> [EXERCISE DETAILS]:
An exact transcription of the data below, complete and unaltered, is the expected answer.

> [DATA SECTION]:
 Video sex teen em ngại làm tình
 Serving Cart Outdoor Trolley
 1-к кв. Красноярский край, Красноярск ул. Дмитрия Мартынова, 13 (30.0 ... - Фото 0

> [EXERCISE OUTPUT]:
 Video sex teen em ngại làm tình
 Serving Cart Outdoor Trolley
 1-к кв. Красноярский край, Красноярск ул. Дмитрия Мартынова, 13 (30.0 ... - Фото 0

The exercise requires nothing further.